Thanks! Very interesting.


----------



## chatsi66

In Hijazi Arabic, we use sa7abat 3alayya سحبت عليّ in this type of situation, which in a way means she ignored me, or we say a3tatni ashkal اعطتني أشكل , this is pure colloquial contemporary Hijazi, hope it's useful!!


----------



## Anatoli

I found these verbs for "to jilt" - نبذ _nábadha_ and أهمل _'áhmala_, must be MSA only?


----------



## Ghabi

Xence said:


> Another way to say it, is to mix a French verb (_larguer_ = to drop, to chuck, to elbow, ) with an Arabic pronoun (yes, Algerian may be funny sometimes ). So you could hear this sentence: _X larga Y_ -> _largaha_


How do we conjugate it? For "she dumped him", do we say _largatu_?


----------



## إسكندراني

Anatoli said:


> I found these verbs for "to jilt" - نبذ _nábadha_ and أهمل _'áhmala_, must be MSA only?
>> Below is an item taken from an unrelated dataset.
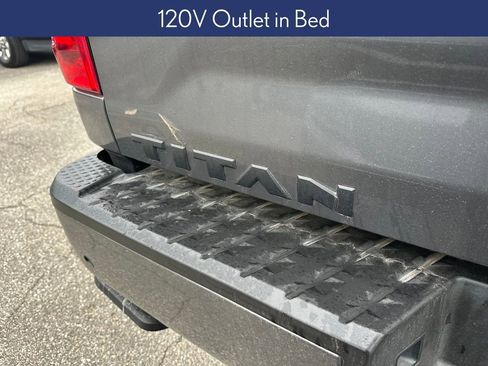 Used 2023 Nissan Titan SV w/ SV Convenience Package image 12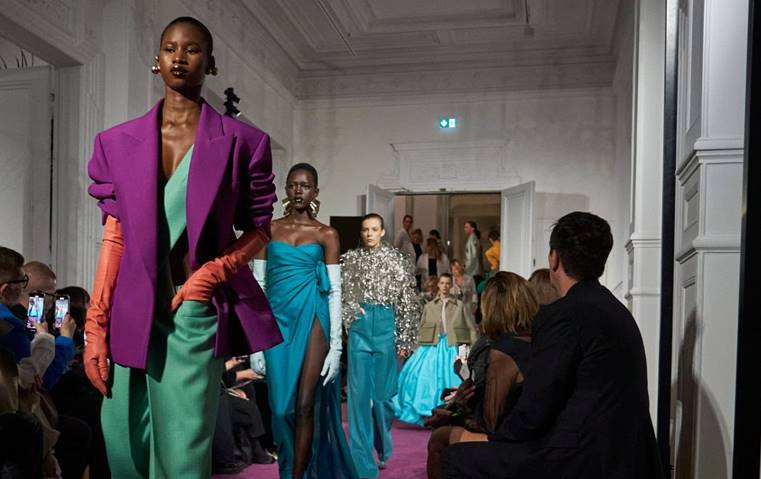 حان الوقت لتختاري أجمل فساتين العيد من منصات الأزياء العالمية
Yes, MSA only - I can't imagine a dialect using those to that effect. We could say 'ahmal' though, but it's meaning is a bit different; more like 'neglected'.


----------



## Xence

Ghabi said:


> How do we conjugate it? For "she dumped him", do we say _largatu_?



Spot-on !


----------



## إسكندراني

Ghabi said:


> This word can mean "to jilt (your lover)" in Shaami, or have I mistaken?


Since I've not noticed anyone else mention this yet, and for the sake of those who are non-native speakers of English:
I have never heard of the word 'jilt' before this thread, so I suspect it's never used in British English. At least not in my region!


----------



## MarcB

إسكندراني said:


> Since I've not noticed anyone else mention this yet, and for the sake of those who are non-native speakers of English:
> I have never heard of the word 'jilt' before this thread, so I suspect it's never used in British English. At least not in my region!


I checked the OED for jilt and it is listed in both the international and American sectors. I have heard it before but I would say it is old-fashioned or out of date in most regions.


----------